Connections
A Connection is a link established between Qrvey and an external data source.
This could be a database, a data warehouse, CSV & JSON files, a cloud storage service like AWS, incoming data from REST APIs, or some other system that store data. Connections allow Qrvey to access and retrieve data from these external sources. The main purpose of a connection is to establish a secure and reliable pathway for data retrieval and integration into Qrvey.
View and Monitor Connections
- To view all connections, navigate to the Data Module, then into Connections. An option to preview data appears on Connections established directly to a data source, such as a file, table/view, or query. You have several monitoring options.
- View Source Data — Find the desired Connection and click View Source Data. A preview of loadable data will appear.
- Verify if Connection is In Use — Click In Use to check how many Datasets are using a specific Connection. You may also access this from the three-dot menu.
- Favorite a Connection — Click the star on the connection card to add it to your list of favorites.
Create a Connection
To create a Connection, follow these steps.

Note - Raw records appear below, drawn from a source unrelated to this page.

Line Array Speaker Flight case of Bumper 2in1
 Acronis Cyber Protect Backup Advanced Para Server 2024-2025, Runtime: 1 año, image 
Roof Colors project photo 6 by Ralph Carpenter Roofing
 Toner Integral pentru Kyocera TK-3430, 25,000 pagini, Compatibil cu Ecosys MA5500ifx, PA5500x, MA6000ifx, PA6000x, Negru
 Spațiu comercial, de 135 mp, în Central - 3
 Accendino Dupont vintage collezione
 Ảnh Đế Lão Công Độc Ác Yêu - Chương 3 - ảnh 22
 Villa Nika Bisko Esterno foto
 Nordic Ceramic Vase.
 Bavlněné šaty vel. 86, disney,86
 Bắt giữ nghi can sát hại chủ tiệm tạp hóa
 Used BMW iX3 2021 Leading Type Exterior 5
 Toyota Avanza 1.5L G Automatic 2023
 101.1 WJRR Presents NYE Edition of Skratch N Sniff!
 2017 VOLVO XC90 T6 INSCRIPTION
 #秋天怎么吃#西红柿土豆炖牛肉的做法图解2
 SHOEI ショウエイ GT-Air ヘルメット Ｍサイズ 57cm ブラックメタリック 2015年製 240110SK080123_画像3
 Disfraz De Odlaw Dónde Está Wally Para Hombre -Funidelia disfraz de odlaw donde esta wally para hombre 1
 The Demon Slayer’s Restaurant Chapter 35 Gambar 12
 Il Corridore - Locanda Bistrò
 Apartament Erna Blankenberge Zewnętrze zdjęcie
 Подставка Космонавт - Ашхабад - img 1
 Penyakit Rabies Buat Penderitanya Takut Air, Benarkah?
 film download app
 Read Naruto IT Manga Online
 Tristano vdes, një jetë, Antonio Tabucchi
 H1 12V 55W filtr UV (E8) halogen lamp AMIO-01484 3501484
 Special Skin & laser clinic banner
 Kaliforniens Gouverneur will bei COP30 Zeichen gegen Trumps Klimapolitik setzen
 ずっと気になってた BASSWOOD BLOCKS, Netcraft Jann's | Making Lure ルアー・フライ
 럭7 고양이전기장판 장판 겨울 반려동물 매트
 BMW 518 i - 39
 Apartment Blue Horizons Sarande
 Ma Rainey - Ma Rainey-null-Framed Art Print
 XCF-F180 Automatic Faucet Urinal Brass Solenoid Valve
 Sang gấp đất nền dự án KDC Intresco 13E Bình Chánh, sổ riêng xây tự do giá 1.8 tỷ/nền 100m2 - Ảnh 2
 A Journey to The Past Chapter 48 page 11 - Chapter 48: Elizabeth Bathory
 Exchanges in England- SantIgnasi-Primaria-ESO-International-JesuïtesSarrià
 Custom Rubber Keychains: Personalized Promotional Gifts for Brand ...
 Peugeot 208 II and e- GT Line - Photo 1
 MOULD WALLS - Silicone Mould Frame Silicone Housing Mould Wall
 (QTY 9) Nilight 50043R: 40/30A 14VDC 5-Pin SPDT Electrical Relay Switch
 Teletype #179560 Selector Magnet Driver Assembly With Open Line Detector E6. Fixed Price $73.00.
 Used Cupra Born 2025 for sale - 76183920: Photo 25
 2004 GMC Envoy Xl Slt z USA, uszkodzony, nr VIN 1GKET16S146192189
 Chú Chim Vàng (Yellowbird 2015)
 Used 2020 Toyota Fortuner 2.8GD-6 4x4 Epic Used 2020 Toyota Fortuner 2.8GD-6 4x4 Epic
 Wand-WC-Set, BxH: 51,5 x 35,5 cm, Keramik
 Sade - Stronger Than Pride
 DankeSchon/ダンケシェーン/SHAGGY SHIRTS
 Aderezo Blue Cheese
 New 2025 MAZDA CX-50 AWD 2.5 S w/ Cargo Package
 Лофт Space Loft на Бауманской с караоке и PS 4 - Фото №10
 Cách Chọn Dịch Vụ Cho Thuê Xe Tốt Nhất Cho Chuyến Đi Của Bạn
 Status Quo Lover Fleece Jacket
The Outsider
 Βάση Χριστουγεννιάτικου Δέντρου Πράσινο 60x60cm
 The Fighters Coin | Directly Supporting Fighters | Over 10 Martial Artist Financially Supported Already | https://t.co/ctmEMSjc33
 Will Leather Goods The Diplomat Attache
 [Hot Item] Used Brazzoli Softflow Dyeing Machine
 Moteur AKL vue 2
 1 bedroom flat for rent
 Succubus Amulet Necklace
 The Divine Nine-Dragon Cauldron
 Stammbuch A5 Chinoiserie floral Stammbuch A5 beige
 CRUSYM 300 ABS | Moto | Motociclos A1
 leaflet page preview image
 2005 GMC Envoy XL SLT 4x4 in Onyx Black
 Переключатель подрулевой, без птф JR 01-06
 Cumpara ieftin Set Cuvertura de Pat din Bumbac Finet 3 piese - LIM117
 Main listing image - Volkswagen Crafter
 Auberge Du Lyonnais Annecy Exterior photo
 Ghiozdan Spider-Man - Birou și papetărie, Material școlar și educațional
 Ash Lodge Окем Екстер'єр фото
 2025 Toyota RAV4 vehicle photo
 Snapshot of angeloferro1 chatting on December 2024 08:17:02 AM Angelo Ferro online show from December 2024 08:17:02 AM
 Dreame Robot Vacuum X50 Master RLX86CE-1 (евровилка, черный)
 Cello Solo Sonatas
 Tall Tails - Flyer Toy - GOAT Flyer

- Navigate to the Data Module and then into Connections.
- Click New Connection.
- Choose the desired Connection Type. You have the following options:
- File Upload
- AWS S3 Bucket
- SQL Server
- MySQL
- PostgreSQL
- Oracle
- Amazon Redshift
- Amazon Athen
- MongoDB
- Snowflake
- DynamoDB
- API connections - Supported in UI to push data into datasets. For more details, please see API Connections.
- Set a Connection Name.
- Set the configuration details as desired.
Configuration options vary for each connection type, but all the fields should be descriptive and standard for the relevant database. For more information on configuration options, please see the following subsections on configuration. - Optional: Manually verify your connection by clicking on Test Connection in the bottom left corner.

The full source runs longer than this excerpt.